Dr. Petra Beermann (Leiterin der Geschäftsstelle und Direktorin für Transfer und Innovation), Prof. Dr. Matthias Baum (Inhaber des Lehrstuhls für Entrepreneurship & digitale Geschäftsmodelle und Direktor für Entrepreneurship) und Prof. Dr. Rodrigo Isidor (Inhaber des Lehrstuhls für HRM & Intrapreneurship und Direktor für Intrapreneurship) leiten das im Jahr 2020 neu gegründete Institut für Entrepreneurship & Innovation an der Universität Bayreuth.
Frau Dr. Beermann, Herr Prof. Baum, Herr Prof. Isidor - welche Rolle spielen Hochschulen, bzw. speziell die Universität Bayreuth, bei der Motivation und Ausbildung von Gründungsinteressierten?

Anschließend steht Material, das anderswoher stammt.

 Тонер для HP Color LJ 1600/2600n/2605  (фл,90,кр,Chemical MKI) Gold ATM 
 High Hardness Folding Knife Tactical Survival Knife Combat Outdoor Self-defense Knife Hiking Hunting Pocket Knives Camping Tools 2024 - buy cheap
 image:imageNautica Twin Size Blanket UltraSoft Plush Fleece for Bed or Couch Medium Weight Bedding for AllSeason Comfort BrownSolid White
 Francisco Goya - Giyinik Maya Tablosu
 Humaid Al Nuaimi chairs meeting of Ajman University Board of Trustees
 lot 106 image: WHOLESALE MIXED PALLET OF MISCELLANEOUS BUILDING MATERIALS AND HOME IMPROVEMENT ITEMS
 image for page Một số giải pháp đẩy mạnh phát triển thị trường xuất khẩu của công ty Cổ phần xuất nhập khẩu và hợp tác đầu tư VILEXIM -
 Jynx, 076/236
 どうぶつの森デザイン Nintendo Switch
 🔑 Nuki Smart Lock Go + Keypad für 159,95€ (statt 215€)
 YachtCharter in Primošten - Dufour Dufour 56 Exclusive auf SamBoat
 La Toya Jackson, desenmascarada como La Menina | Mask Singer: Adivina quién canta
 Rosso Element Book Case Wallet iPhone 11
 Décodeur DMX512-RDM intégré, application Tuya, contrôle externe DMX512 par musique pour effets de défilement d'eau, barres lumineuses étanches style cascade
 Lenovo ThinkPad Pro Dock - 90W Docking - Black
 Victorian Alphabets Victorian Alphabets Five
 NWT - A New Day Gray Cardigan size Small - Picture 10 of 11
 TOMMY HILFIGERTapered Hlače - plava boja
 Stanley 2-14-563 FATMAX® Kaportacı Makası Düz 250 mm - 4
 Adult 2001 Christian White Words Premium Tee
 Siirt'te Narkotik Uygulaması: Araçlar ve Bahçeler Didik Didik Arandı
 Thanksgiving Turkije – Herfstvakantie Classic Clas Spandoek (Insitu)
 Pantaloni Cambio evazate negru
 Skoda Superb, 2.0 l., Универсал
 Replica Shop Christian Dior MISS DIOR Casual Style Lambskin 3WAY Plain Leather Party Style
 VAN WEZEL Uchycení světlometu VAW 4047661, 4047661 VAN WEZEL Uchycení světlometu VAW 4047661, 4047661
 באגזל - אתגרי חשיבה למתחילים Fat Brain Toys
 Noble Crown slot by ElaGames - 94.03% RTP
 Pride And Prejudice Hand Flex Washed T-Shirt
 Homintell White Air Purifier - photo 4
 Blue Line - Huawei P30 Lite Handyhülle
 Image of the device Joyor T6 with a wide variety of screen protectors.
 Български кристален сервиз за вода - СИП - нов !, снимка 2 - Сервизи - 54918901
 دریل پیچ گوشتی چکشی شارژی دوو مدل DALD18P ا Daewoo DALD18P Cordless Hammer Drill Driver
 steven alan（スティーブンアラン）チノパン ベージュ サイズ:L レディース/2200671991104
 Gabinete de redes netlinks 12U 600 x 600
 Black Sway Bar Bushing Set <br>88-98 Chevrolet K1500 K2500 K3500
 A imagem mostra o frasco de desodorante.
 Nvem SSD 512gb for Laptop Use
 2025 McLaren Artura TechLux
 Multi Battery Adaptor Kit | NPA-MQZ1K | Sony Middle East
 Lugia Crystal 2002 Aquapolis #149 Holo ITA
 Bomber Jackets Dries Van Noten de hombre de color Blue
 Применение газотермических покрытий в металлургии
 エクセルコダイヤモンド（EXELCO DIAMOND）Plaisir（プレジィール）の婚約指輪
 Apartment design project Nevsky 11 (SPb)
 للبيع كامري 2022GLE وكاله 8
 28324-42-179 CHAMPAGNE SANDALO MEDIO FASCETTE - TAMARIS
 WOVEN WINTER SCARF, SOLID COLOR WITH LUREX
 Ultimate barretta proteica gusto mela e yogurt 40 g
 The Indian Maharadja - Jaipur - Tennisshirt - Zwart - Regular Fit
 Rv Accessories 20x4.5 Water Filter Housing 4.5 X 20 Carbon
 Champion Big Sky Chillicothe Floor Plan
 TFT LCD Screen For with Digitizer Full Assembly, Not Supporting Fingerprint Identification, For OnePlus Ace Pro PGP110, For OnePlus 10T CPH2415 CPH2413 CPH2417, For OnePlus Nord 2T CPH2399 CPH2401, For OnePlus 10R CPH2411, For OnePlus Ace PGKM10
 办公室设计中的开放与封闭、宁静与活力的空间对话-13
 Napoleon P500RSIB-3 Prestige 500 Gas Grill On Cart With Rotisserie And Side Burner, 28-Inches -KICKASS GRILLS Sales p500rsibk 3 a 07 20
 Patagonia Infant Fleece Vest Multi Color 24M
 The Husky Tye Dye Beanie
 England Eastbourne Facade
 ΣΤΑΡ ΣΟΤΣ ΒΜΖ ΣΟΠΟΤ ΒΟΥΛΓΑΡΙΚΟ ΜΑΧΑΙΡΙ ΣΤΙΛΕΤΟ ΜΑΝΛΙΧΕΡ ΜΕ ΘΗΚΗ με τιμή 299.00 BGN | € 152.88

Die Universität Bayreuth und insbesondere das Institut für Entrepreneurship & Innovation haben sich in den letzten Jahren als attraktiver Gründungsstandort in der Region Oberfranken, aber auch für ganz Bayern etablieren können. Wir unterstützen gründungsinteressierte Studierende durch ein breites Angebot an interaktiven Lehr- und Weiterbildungsformaten. Dabei fokussieren wir drei Schwerpunkte. (1) Zunächst versuchen wir durch unsere interdisziplinäres Lehrangebot, Studierende aus allen Fachbereichen über verschiedene Gründungsmöglichkeiten zu informieren. Das bedeutet, dass wir unser Lehr- und Weiterbildungsangebot insbesondere auch in Fachbereichen anbieten, in welchen Gründungen oder Gründungsvorhaben bisher weniger häufig thematisiert wurden. Wir stoßen hierbei auf sehr positive Rückmeldungen und konnten vielfältige Gründungsprojekte bereits im Gründungsprozess begleiten und unterstützen. Mit dem Zusatzstudium Entrepreneurship & Innovation ermöglichen wir es seit Wintersemester 2021 allen Studierenden an der Universität Bayreuth, neben ihrem Hauptstudium, gründungs- und innovationsrelevantes Wissen zu erwerben und sich die erlernten Kompetenzen für ihre berufliche Entwicklung zertifizieren zu lassen. (2) Wir streben eine starke regionale, aber auch überregionale Verankerung unseres Lehrangebots bei verschiedenen Partnern aus Wirtschaft und Politik an. Ziel ist es, Gründungsinteressierte über die theoretischen Möglichkeiten auch aktiv bei der praktischen Umsetzung ihrer Ideen tatkräftig zu unterstützen. Dabei geht es sowohl um eine hervorragende finanzielle Unterstützung durch Fördermaßnahmen als auch praxisorientiertes Mentoring, um den entstehenden Herausforderungen bestmöglich begegnen zu können. (3) Wir bieten spezielle Studiengänge und Weiterbildungsangebote an, welche besonders auf die Bedürfnisse und Anforderungen gründungsinteressierter Studierende zugeschnitten sind. So haben wir beispielsweise zum Wintersemester 2021 den neuen Masterstudiengang „Digitalisierung & Entrepreneurship“ eingeführt.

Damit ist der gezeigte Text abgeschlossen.